As our group’s file systems expert, I see most of the common problems associated with the use/misuse of NTFS compression. Before you check the “Compress contents to save disk space” checkbox, it might be good to understand how this affects the happy little bits, bytes, & nibbles running around on the disk.

Often backup applications receive ERROR_DISK_FULL errors attempting to back up compressed files and this causes quite a bit of confusion when there are still several gigabytes of free space on the drive. Other issues may also occur when copying compressed files. The goal of this blog is to give the reader a more thorough understanding of what really happens when you compress NTFS files.

Compression Units…

NTFS uses a parameter called the “compression unit” to define the granularity and alignment of compressed byte ranges within a data stream. The size of the compression unit is based entirely on NTFS cluster size (refer to the table below for details). In the descriptions below, the abbreviation "CU" is used to describe a Compression Unit and/or its size.

The default size of the CU is 16 clusters, although the actual size of the CU really depends on the cluster size of the disk. Below is a chart showing the CU sizes that correspond to each of the valid NTFS cluster sizes.

Cluster Size	Compression Unit	Compression Unit (hex bytes)
512 Bytes	8 KB	0x2000
1 KB	16 KB	0x4000
2 KB	32 KB	0x8000
4 KB	64 KB	0x10000
8 KB	64 KB	0x10000
16 KB	64 KB	0x10000
32 KB	64 KB	0x10000
64 KB	64 KB	0x10000

Native NTFS compression does not function on volumes where the cluster size is greater than 4KB, but sparse file compression can still be used.

NTFS Sparse Files…

The Sparse Files features of NTFS allow applications to create very large files consisting mostly of zeroed ranges without actually allocating LCNs (logical clusters) for the zeroed ranges.

For the code-heads in the audience, this can be done by calling DeviceIoControl with the FSCTL_SET_SPARSE IO control code as shown below.

BOOL SetSparse(HANDLE hFile)
     {
           DWORD Bytes;
           return DeviceIoControl(hFile, FSCTL_SET_SPARSE, NULL, 0, NULL, 0, &Bytes, NULL);
     }

To specify a zeroed range, your application must then call the DeviceIoControl with the FSCTL_SET_ZERO_DATA IO control code.

BOOL ZeroRange(HANDLE hFile, LARGE_INTEGER RangeStart, LONGLONG RangeLength)
     {
            FILE_ZERO_DATA_INFORMATION FileZeroData;
            DWORD Bytes;
            FileZeroData.FileOffset.QuadPart = RangeStart.QuadPart;
            FileZeroData.BeyondFinalZero.QuadPart = RangeStart.QuadPart + RangeLength + 1;
            return DeviceIoControl( hFile,
                                     FSCTL_SET_ZERO_DATA,
                                     &FileZeroData,
                                     sizeof(FILE_ZERO_DATA_INFORMATION),
                                     NULL,
                                     0,
                                     &Bytes,
                                     NULL);
     }

Because sparse files don't actually allocate space for zeroed ranges, a sparse file can be larger than the parent volume. To do this, NTFS creates a placeholder VCN (virtual cluster number) range with no logical clusters mapped to them.
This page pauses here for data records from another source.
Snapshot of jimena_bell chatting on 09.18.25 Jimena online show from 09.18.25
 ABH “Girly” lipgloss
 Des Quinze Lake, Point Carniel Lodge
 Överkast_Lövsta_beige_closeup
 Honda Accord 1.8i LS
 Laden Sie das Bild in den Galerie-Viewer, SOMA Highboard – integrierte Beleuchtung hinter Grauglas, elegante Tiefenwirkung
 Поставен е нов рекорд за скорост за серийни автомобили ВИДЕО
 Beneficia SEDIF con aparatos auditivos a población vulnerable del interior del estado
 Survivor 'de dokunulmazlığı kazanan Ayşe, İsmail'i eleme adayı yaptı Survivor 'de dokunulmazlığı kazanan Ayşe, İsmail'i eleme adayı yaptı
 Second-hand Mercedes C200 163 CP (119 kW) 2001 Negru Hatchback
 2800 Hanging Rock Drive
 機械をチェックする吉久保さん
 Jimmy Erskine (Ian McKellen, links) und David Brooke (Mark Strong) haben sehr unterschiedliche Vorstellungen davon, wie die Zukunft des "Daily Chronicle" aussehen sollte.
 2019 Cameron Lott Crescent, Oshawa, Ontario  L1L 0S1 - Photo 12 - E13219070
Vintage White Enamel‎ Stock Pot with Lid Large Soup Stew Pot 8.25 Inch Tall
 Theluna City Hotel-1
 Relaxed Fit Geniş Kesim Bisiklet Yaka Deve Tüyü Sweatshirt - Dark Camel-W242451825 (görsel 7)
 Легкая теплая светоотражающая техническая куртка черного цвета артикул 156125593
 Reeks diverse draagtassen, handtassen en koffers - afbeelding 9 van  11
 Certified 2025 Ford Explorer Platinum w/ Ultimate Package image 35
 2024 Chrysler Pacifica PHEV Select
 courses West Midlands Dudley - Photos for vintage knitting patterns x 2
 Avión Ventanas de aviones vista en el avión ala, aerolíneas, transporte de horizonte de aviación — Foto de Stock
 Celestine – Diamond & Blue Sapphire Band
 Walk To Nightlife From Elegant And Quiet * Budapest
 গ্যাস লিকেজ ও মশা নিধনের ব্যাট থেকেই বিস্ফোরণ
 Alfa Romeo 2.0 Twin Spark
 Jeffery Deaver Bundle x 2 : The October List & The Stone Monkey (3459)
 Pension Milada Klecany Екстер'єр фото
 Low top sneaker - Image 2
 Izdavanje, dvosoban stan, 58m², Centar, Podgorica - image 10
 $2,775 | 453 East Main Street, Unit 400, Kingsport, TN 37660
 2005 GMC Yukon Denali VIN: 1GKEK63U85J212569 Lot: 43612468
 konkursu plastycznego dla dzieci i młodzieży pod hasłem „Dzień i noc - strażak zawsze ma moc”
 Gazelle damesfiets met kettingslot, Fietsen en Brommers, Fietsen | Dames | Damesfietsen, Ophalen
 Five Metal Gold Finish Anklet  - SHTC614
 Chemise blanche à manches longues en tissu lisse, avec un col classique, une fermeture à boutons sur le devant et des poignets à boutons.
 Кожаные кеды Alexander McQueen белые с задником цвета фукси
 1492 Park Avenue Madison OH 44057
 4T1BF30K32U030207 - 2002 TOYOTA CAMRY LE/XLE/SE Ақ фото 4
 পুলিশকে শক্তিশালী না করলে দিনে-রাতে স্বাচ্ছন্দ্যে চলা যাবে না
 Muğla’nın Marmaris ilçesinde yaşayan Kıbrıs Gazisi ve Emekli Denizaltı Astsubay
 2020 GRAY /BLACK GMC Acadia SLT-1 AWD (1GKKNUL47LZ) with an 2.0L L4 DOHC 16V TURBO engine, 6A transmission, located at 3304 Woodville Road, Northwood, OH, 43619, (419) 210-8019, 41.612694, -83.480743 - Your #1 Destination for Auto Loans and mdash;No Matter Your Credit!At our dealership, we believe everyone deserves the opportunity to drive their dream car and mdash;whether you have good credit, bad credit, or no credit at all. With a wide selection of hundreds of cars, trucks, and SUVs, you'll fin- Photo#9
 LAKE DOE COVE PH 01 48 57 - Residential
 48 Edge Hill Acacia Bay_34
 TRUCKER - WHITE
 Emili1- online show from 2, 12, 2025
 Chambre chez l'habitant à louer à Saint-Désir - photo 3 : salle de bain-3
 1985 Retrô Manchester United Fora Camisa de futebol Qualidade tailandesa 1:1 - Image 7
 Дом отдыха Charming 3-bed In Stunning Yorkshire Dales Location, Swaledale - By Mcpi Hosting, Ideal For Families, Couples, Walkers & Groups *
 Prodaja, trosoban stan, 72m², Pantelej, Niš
Any attempt to access a “sparsed” range would result in NTFS returning a buffer full of zeroes. Accessing an allocated range would result in a normal read of the allocated range. When data is written to a sparse file, an allocated range is created which is exactly aligned with the compression unit boundaries containing the byte(s) written. Refer to the example below. If a single byte write occurs for virtual cluster number VCN 0x3a, then all of Compression Unit 3 (VCN 0x30 - 0x3f) would become an allocated LCN (logical cluster number) range. The allocated LCN range would be filled with zeroes and the single byte would be written to the appropriate byte offset within the target LCN.

[...] - ALLOCATED
(,,,) - Compressed
{ } - Sparse (or free) range
   / 00000000000000000000000000000000000000000000000000000000000000000000000000000000
VCN 00000000000000001111111111111111222222222222222233333333333333334444444444444444
   \ 0123456789abcdef0123456789abcdef0123456789abcdef0123456789abcdef0123456789abcdef
            CU0 CU1 CU2 CU3 CU4
     |++++++++++++++||++++++++++++++||++++++++++++++||++++++++++++++||++++++++++++++|
     { }[..............]{ }
Extents {
    VCN = 0x0 LEN = 0x30 CU0 - CU2
    VCN = 0x30 LEN = 0x10: LCN = 0x2a21f CU3
    VCN = 0x10 LEN = 0x10 CU4
}

Below is a screen shot of a 2GB file that was created using the sparse file API’s.

NewVolume

Notice that this volume is only 76.9 MB, yet it has a 2 GB file in the root folder.

NewVolumeProperties

If we attempt to duplicate this sparse file with the COPY command, it fails. This is because COPY doesn’t know how to duplicate the sparse attributes on the file, so it attempts to create a real 2GB file in the root of D:. This can occur in production when attempting to move a large database file from one volume to another. If you have a database application that uses sparse attributes, then it is a good practice to use the database software’s backup / restore features when moving the database to a different volume.

CmdPromptCopy

Now let’s look at the file’s properties with the COMPACT utility. Notice that the file shows up as compressed, and it has a huge compression ratio.

CmdPromptCompact

If you go back and look at the file properties from EXPLORER, you will notice that there is no compression checkbox (or any other indication that the file is compressed). This is because the shell does not check for the sparse bit on the file.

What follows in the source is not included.